Lifetime Movie Network, 8:00 p.m. ET
This isn’t a recommendation, really, because this made-for-TV movie isn’t very good. Alyssa Milano stars as Amy Fisher, the titular underage “Long Island Lolita,” and Jack Scalia plays Joey Buttafuoco, the older lover whose wife Amy shot, but not fatally. This 1993 CBS telemovie told things from Joey’s point of view – but what’s noteworthy, from my point of view, is that all three major broadcast networks took a crack at this same story at about the same time. NBC’s Amy Fisher: My Story took her side, and the best of them, ABC’s The Amy Fisher Story, played it objectively – and starred Drew Barrymore.
TCM, 8:00 p.m. ET
Vincente Minnelli directed this lavish 1953 movie musical, which stars Fred Astaire in the story of a Broadway hoofer whose latest stage vehicle gets hijacked by an absurdly pretentious director. It’s all just an excuse to go crazy, visually and otherwise, and when Astaire is dancing with Cyd Charisse, they do just that.
BBC America, 9:00 p.m. ET
SEASON PREMIERE: The Daleks, the oldest adversaries in the Doctor Who firmament, are back again, as is the good Doctor. Just in time, to get September started in style. Matt Smith stars.

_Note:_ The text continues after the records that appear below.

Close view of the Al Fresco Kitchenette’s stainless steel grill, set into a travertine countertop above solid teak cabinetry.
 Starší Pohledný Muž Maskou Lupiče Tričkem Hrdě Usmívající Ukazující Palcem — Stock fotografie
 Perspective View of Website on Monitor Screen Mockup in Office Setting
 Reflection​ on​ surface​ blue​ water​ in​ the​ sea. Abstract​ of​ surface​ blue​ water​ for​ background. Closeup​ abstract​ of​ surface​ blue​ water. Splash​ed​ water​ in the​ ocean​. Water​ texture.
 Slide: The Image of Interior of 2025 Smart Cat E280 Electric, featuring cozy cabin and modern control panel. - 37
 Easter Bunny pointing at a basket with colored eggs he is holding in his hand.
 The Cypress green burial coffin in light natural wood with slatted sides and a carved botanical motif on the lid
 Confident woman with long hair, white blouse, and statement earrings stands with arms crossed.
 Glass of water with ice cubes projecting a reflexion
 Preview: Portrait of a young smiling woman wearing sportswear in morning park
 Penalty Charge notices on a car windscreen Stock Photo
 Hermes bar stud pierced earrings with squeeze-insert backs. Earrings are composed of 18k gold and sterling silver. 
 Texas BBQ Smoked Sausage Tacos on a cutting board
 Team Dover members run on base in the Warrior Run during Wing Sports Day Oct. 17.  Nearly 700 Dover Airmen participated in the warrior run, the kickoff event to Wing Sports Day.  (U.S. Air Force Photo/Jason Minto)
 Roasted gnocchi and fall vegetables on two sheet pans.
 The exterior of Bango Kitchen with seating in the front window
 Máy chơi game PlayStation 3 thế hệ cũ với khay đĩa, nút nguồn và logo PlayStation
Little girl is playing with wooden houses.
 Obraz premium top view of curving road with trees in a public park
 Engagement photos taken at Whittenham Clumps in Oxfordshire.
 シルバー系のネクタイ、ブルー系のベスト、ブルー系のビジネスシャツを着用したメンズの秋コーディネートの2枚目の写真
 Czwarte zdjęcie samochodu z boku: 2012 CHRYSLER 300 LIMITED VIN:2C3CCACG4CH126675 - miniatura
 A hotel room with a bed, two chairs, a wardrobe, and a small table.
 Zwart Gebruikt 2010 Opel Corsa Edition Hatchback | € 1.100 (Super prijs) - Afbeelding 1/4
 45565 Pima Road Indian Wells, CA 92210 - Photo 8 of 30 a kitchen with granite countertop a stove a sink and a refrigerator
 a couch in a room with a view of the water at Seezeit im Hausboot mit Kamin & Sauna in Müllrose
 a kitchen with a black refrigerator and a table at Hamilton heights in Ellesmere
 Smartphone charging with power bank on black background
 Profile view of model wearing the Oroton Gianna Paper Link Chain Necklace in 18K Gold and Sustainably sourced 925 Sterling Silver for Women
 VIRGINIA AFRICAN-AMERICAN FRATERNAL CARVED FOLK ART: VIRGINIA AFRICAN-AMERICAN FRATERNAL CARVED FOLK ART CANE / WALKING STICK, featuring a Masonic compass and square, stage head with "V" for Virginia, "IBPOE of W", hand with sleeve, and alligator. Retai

Comedy Central, 10:38 p.m. ET
If you have come to fully accept Jeff Daniels as the very intelligent Will McAvoy in HBO’s The Newsroom, which just concluded its first season, revisit this 1994 Farrelly Brothers comedy, to watch him keep up with Jim Carrey in the acting stupid department. And, in this case at least, that’s acting stupid, not stupid acting.